Is it possible to include other fields in the top level term aggregation

I'm doing an aggregation on devices and calculating a metric on each. Is there a way to include other fields for the device in that top bucket like id, city, state? Each document in the vn-aggr index has those fields in it.

{
  "size": 0,
  "query": {
    "bool": {
      "must": [
        {
          "range": {
            "dttm": {
              "gte": "now-24h",
              "lte": "now"
            }
          }
        }
      ]
    }
  },
  "aggs": {
    "resources": {
      "terms": {
        "field": "displayname.keyword",
        "size": 10
      },
      "aggs": {
        "90_inpeak": {
          "percentiles": {
            "field": "inpeak_util",
            "percents": [
              90
            ]
          }
        }
      }
    }
  }
}

The result is:

{
  "took" : 21687,
  "timed_out" : false,
  "_shards" : {
    "total" : 1,
    "successful" : 1,
    "skipped" : 0,
    "failed" : 0
  },
  "hits" : {
    "total" : 17984980,
    "max_score" : 0.0,
    "hits" : [ ]
  },
  "aggregations" : {
    "resources" : {
      "doc_count_error_upper_bound" : 0,
      "sum_other_doc_count" : 17939432,
      "buckets" : [
        {
          "key" : "c4a24244_utp ethernet (10/100)",
          "doc_count" : 378,
          "90_inpeak" : {
            "values" : {
              "90.0" : 0.01721082963049412
            }
          }
        },
        {
          "key" : "c0a24244_utp ethernet (10/100)",
          "doc_count" : 360,
          "90_inpeak" : {
            "values" : {
              "90.0" : 0.004095323150977492
            }
          }
        },.....

Is there a way to include those identifiers in the term bucket like:

        {
          "key" : "c4a24244_utp ethernet (10/100)",
          "resourceid" : "1234",
          "city" : "Houston",
          "state" : "TX",
          "doc_count" : 378,
          "90_inpeak" : {
            "values" : {
              "90.0" : 0.01721082963049412
            }
          }
        },

You can use the "top hits" aggregation to do this

Perfect, thanks Joe. However, when I include the _id value, I'm getting this warning. I'm not real sure what it is telling me. I'm on v 6.8 but we're migrating to 7.x soon.

GET vn-aggr/_search
{
  "size": 0,
  "query": {
    "bool": {
      "must": [
        {
          "range": {
            "dttm": {
              "gte": "now-4h",
              "lte": "now"
            }
          }
        }
      ]
    }
  },
  "aggs": {
    "resources": {
      "terms": {
        "field": "displayname.keyword",
        "size": 10
      },
      "aggs": {
        "top_flds": {
          "top_hits": {
            "docvalue_fields": [
              "_id"
              ], 
            "_source": {
              "includes": [
                "syslocation",
                "tz-name",
                "a_device_hostname",
                "a_device_ip",
                "ifspeed",
                "resourceidelk"
              ]
            },
            "size": 1
          }
        },
        "avg_inpeak": {
          "avg": {
            "field": "inpeak_util"
          }
        },

#! Deprecation: There are doc-value fields which are not using a format. The output will change in 7.0 when doc value fields get formatted based on mappings by default. It is recommended to pass [format=use_field_mapping] with a doc value field in order to opt in for the future behaviour and ease the migration to 7.0: [_id]

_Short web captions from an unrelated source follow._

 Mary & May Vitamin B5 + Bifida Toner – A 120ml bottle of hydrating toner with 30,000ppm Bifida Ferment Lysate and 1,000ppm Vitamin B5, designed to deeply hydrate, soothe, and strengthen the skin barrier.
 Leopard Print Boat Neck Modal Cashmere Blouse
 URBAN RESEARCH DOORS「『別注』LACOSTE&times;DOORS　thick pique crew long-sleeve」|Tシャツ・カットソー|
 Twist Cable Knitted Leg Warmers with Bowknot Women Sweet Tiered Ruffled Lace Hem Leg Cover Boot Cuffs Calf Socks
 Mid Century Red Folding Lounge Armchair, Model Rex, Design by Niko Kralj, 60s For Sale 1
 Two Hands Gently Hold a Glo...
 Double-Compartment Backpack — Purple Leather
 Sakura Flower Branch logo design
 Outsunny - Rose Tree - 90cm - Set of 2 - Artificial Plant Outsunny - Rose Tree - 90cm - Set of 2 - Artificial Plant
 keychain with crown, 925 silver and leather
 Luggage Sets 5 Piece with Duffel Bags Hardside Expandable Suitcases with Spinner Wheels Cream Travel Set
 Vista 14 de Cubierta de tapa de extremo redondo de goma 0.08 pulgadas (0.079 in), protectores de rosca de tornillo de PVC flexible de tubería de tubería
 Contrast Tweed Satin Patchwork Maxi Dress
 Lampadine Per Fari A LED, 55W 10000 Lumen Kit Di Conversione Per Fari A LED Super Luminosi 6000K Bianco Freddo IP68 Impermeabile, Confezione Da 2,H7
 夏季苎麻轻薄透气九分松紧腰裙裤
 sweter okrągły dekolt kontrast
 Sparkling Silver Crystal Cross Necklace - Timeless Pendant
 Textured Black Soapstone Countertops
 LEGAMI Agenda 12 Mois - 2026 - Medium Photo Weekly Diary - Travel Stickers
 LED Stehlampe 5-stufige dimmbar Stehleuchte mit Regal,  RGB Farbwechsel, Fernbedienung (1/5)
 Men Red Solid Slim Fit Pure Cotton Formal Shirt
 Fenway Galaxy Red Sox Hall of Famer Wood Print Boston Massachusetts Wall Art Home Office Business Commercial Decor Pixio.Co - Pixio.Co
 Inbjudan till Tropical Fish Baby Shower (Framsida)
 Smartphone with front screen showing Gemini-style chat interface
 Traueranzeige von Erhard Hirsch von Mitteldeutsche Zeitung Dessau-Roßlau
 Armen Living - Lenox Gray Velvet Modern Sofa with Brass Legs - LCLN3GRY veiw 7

Unfortunately I'm not an expert on Elasticsearch - I know _id behaves weird in a bunch of places, not sure about this one in particular. I think it's worth opening a separate post in the Elasticsearch forum Elasticsearch - Discuss the Elastic Stack

OK. Thanks Joe

This topic was automatically closed 28 days after the last reply. New replies are no longer allowed.